# NLP FIRST ASSIGNMENT
Developing a Naïve Bayas Classifier able to distinguish between english and not-english

## Preliminary imports

In [2]:
import nltk 
import random 
import time
from tqdm import tqdm
from nltk.tokenize import word_tokenize
from nltk.tokenize import sent_tokenize
from nltk.corpus import stopwords
from nltk.stem import PorterStemmer

nltk.download('punkt')

ROOT = '/Users/sebastianodarconso/Desktop/magistrale_lab/natural_language_processing/first_assingnment/europarl_raw'

[nltk_data] Downloading package punkt to
[nltk_data]     /Users/sebastianodarconso/nltk_data...
[nltk_data]   Package punkt is already up-to-date!


## Extracting english and not-english files from the europarl_raw dataset

In [3]:
eng = open(ROOT + "/english/ep-00-01-17.en", 'r').read()
eng += open(ROOT + "/english/ep-00-01-18.en", 'r').read()
eng += open(ROOT + "/english/ep-00-01-19.en", 'r').read()
eng += open(ROOT + "/english/ep-00-01-21.en", 'r').read()
eng += open(ROOT + "/english/ep-00-02-02.en", 'r').read()
eng += open(ROOT + "/english/ep-00-02-03.en", 'r').read()

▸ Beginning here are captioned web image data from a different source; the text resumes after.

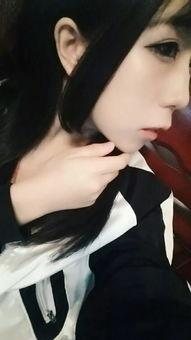 雯妞视频,揭秘生活点滴，展现真实自我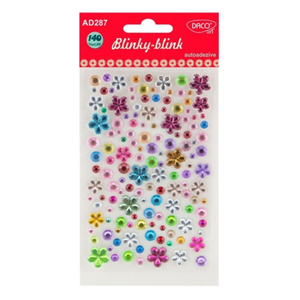 Accesorii craft - Blinky-blink | Daco imagine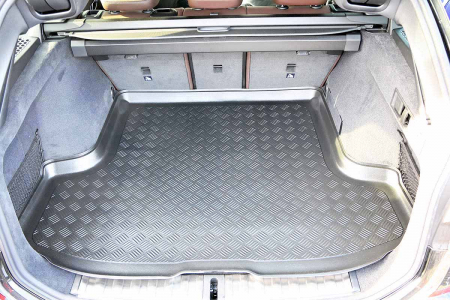 Tavita de portbagaj BMW Seria 3 G21,  Combi, fabricatie 06.2019 - prezent #3 [2]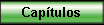 Cap�tulos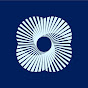 U.S. Chamber of Commerce YouTube channel avatar 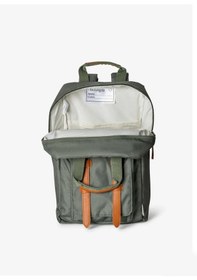 Resim Citron Çocuk Sırt Çantası - Green 1196021 Gri 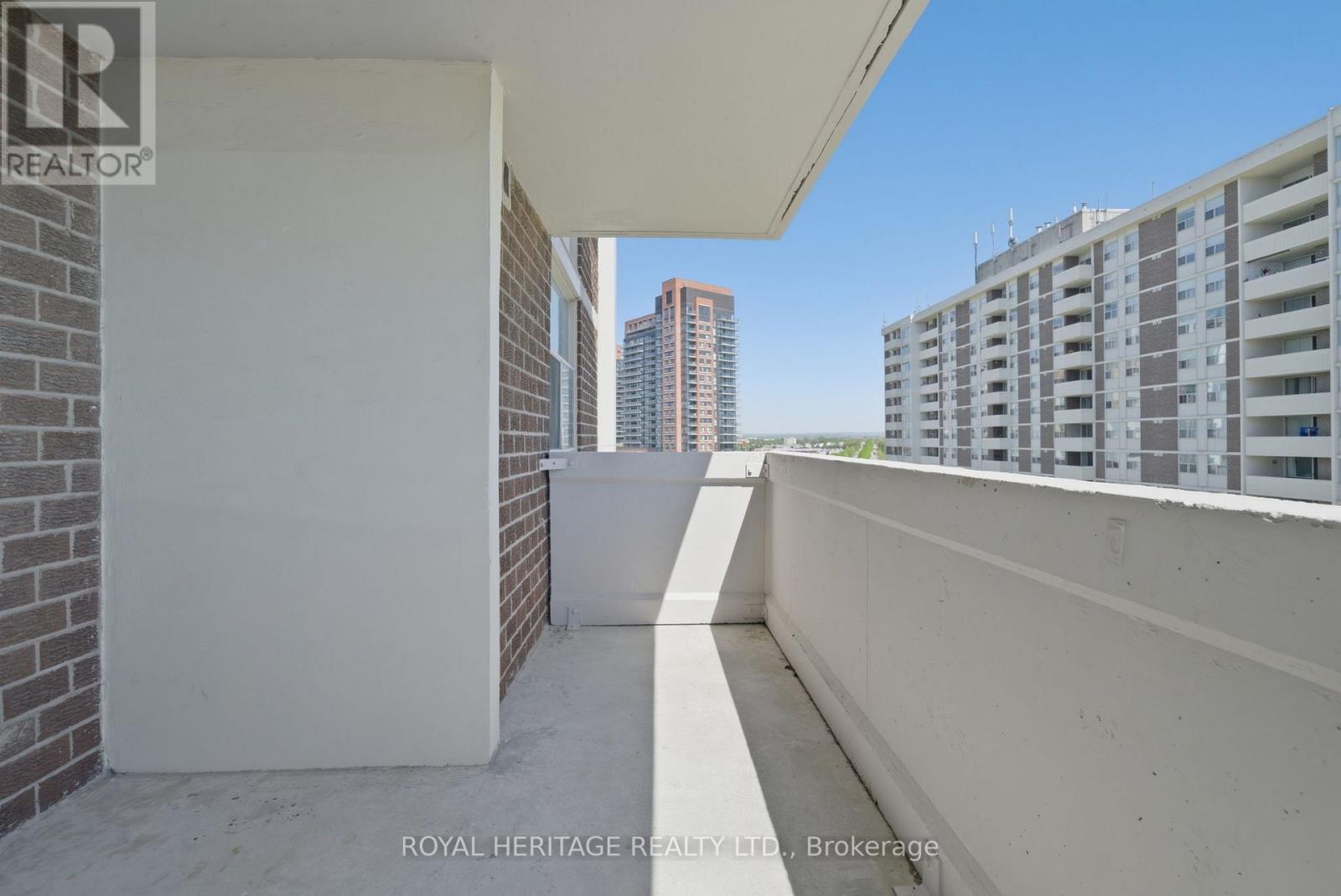 1201 - 44 Falby Court, Ajax, Ontario  L1S 3L1 - Photo 29 - E13202188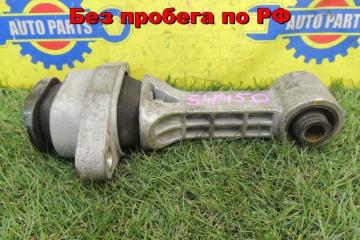 Запчасть подушка двигателя KIA K3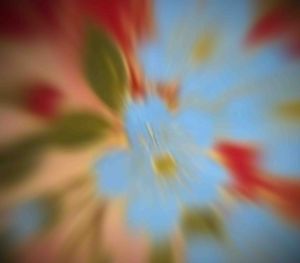 12 cm × 12 cm All-Purpose Button Pouch – Compact & Convenien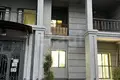 Квартира 103 м² Ташкент, Узбекистан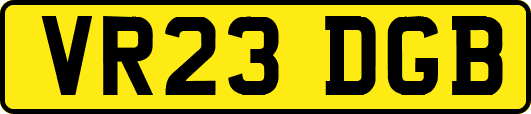 VR23DGB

not_eng = open(ROOT + "/german/ep-00-01-17.de", 'r').read()
not_eng += open(ROOT + "/french/ep-00-01-17.fr", 'r').read()
not_eng += open(ROOT + "/finnish/ep-00-01-17.fi", 'r').read()
not_eng += open(ROOT + "/greek/ep-00-01-17.el", 'r').read()
not_eng += open(ROOT + "/italian/ep-00-01-17.it", 'r').read()
not_eng += open(ROOT + "/swedish/ep-00-01-17.sv", 'r').read()
not_eng += open(ROOT + "/dutch/ep-00-01-18.nl", 'r').read()

In [4]:
print(len(eng))
print(len(not_eng))

1400752
1503692


# Creating the sets of stopwords for the languages used 
For this example the languages are:
- english
- german 
- dutch
- finnish
- italian
- swedish 
- french 
- greek 

They will still be divided as "english" and "not english"

In [5]:
languages = ['english', 'german', 'dutch', 'finnish', 'italian', 'swedish', 'french', 'greek']

In [6]:
stopwords_eng = set()
stopwords_not_eng = set()
for l in languages:
    if l == 'english':
        stopwords_eng.update(stopwords.words(l))
    else:
        stopwords_not_eng.update(stopwords.words(l))

## Creating the stemmer (PorterStemmer)

In [7]:
ps = PorterStemmer()

## Tokenizing, stemming and removing stopwords

In this section all the words in both english and not english bows will be tokenized and stemmed. From the resulting bows will be removed also the stopwords and then they will be merged together in order to create an heterogeneous (with relation to the language) bag of words.

In [8]:
all_words = []
documents = []

start = time.time()
for en in tqdm(eng.split('\n')):
    documents.append((en, 'eng'))
    words = word_tokenize(en)
    for w in words:
        if not w in stopwords_eng:
            all_words.append(ps.stem(w.lower()))

for ne in tqdm(not_eng.split('\n')):
    documents.append((ne, 'not eng'))
    words = word_tokenize(ne)
    for w in words:
        if w not in stopwords_not_eng:
            all_words.append(ps.stem(w.lower()))
end = time.time()

print(end - start)

100%|██████████| 9135/9135 [00:01<00:00, 4995.50it/s]
100%|██████████| 9637/9637 [00:01<00:00, 5111.29it/s]

3.7317121028900146





## Calculating the frequency distribution for the BOW and listing the first 8k features

In [9]:
all_words = nltk.FreqDist(all_words)
word_features = list(all_words.keys())[:8000]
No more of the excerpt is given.